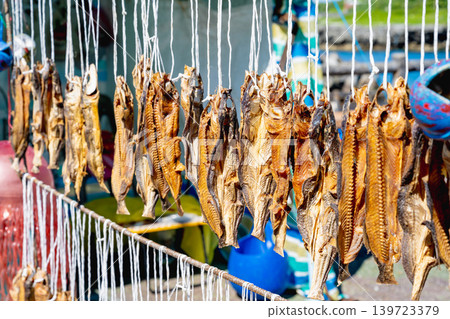 台灣蘭嶼 - 2026 海濱亭最高等級的蜀幹陶器部落飛魚。 台灣蘭嶼 - 2026 海濱亭最高等級的蜀幹陶器部落飛魚。 139723379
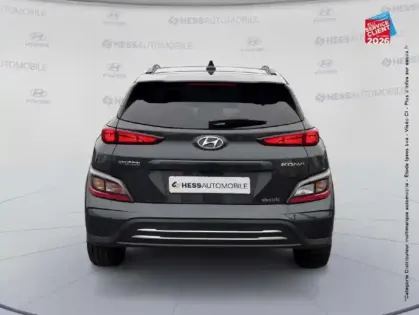 Photo 6 Hyundai Kona Gén. I Ph2 Intuitive 5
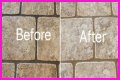 How Do You Remove Ingrained Dirt From Floor Tiles?
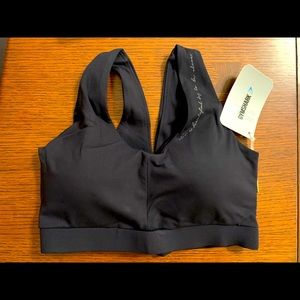 NWT Whitney Simmons gymshark sports bra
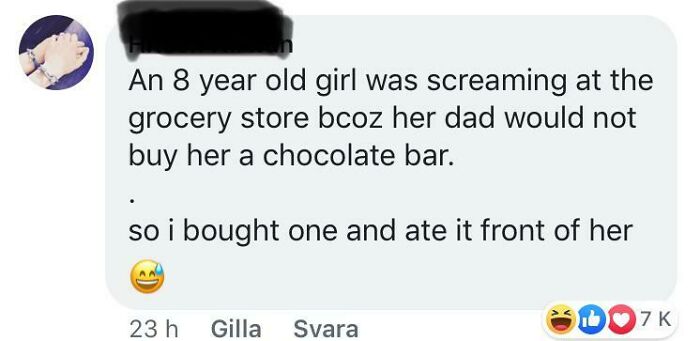 I Found This Madlad On Facebook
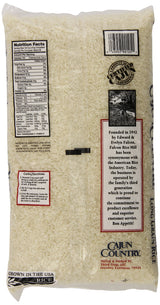 Cajun Country Louisiana Long Grain Rice, 5 Pounds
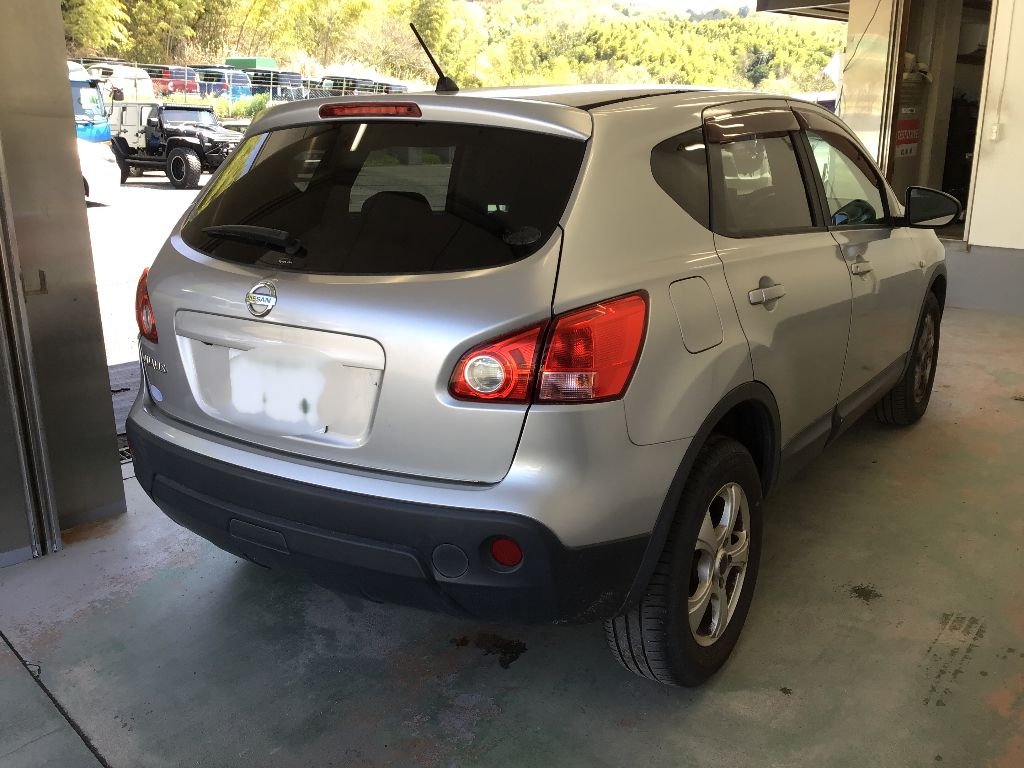 NISSAN DUALIS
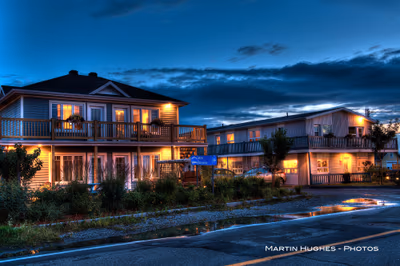 Hôtel Rimouski — photo 11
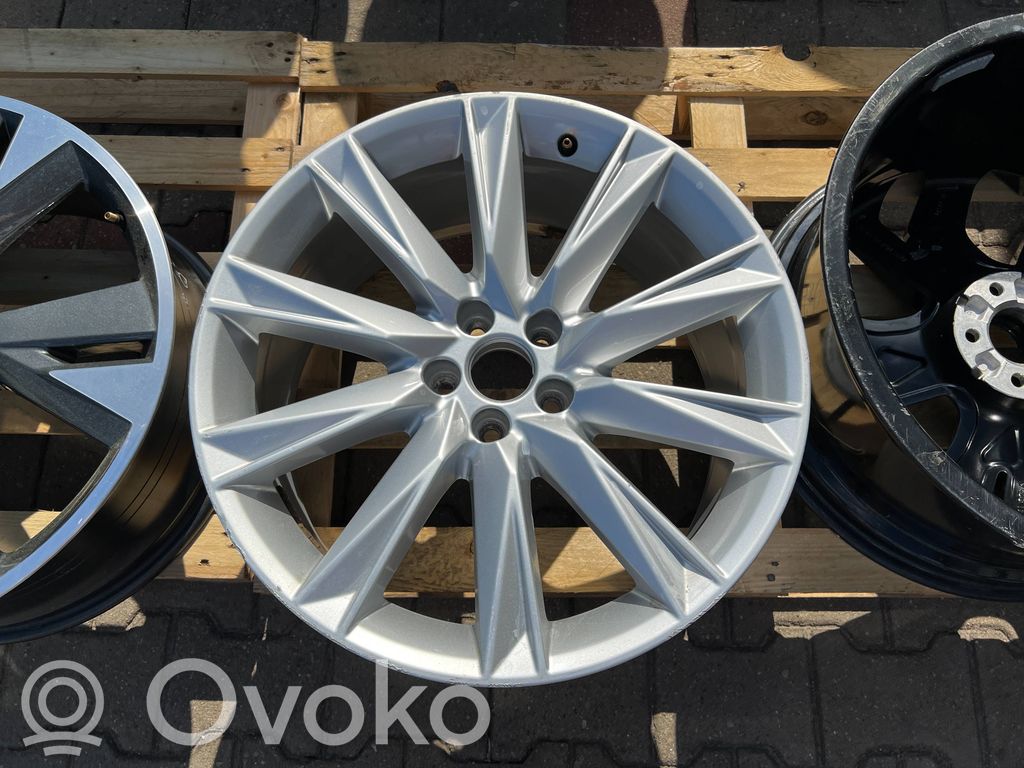 Audi e-tron R20-alumiinivanne 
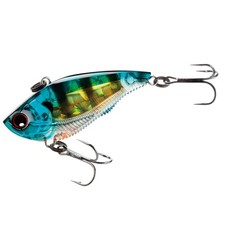 YoZuri 3DB Vibe Sinking Lure Prism Gold Black 2.5 Inch Bass Fishing Tackle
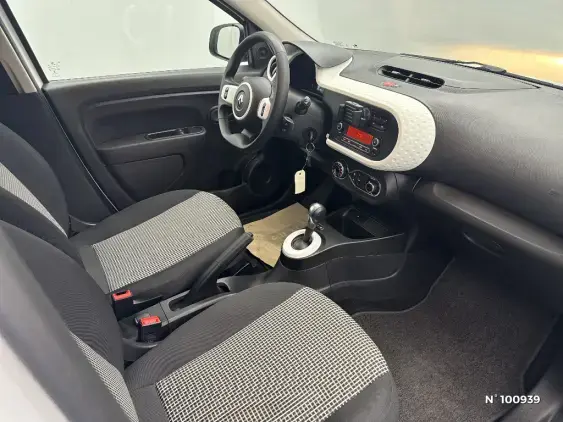 RENAULT TWINGO ELECTRIQUE III - voiture d'occasion - Photo 10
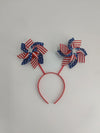 Women's Simple Style Classic Style Color Block Plastic Resin Hair Band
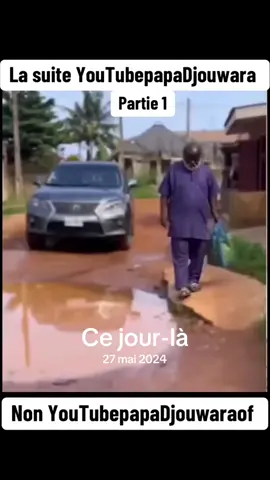 A post by @papa.djouwara1 on TikTok caption: #cejour-là 
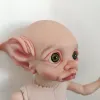 Bambole 40 cm Reborn Fairy Doll Baby Tinky Realistica Pittura dettagliata a mano Bambole d'arte Bebe Reborn Dolls Giocattolo per bambini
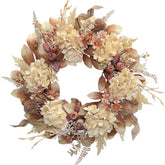 BINFEN couronne sur porte avant apportant accueil chaleureux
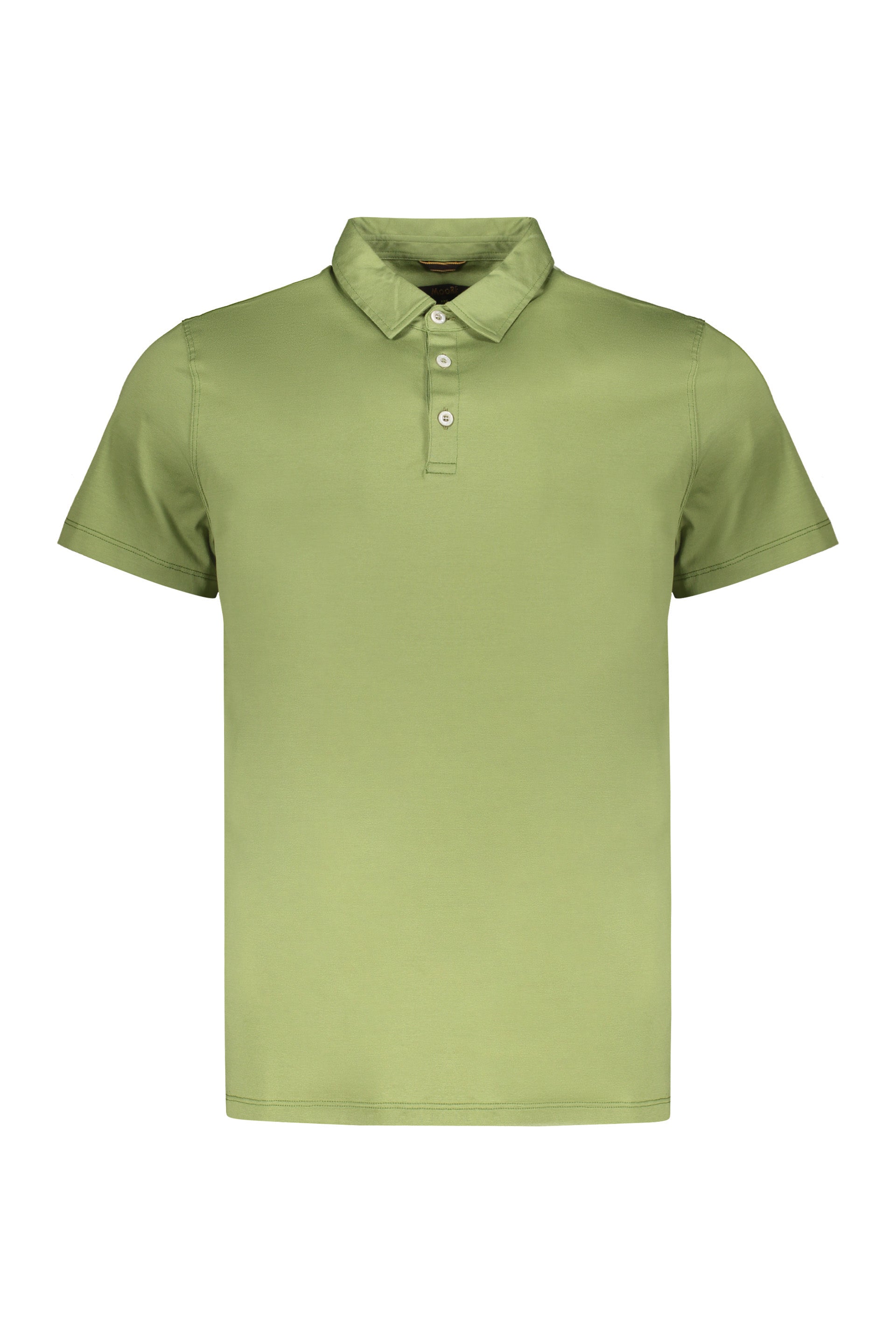 Cotton polo shirt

- - - - - - -

PROBLEM REQUIREMENTS
Pictures stay out; everything else in the records gets copied exactly.

RESULT OF THIS TASK
 台灣蘭嶼 - 2026 海濱亭最高等級的蜀幹陶器部落飛魚。 台灣蘭嶼 - 2026 海濱亭最高等級的蜀幹陶器部落飛魚。 139723379
 Photo 6 Hyundai Kona Gén. I Ph2 Intuitive 5
 How Do You Remove Ingrained Dirt From Floor Tiles?
 NWT Whitney Simmons gymshark sports bra
 I Found This Madlad On Facebook
 Cajun Country Louisiana Long Grain Rice, 5 Pounds
 NISSAN DUALIS
 Hôtel Rimouski — photo 11
 Audi e-tron R20-alumiinivanne 
 YoZuri 3DB Vibe Sinking Lure Prism Gold Black 2.5 Inch Bass Fishing Tackle
 RENAULT TWINGO ELECTRIQUE III - voiture d'occasion - Photo 10
 Women's Simple Style Classic Style Color Block Plastic Resin Hair Band
 A post by @papa.djouwara1 on TikTok caption: #cejour-là 
 Bambole 40 cm Reborn Fairy Doll Baby Tinky Realistica Pittura dettagliata a mano Bambole d'arte Bebe Reborn Dolls Giocattolo per bambini
 BINFEN couronne sur porte avant apportant accueil chaleureux
 Cotton polo shirt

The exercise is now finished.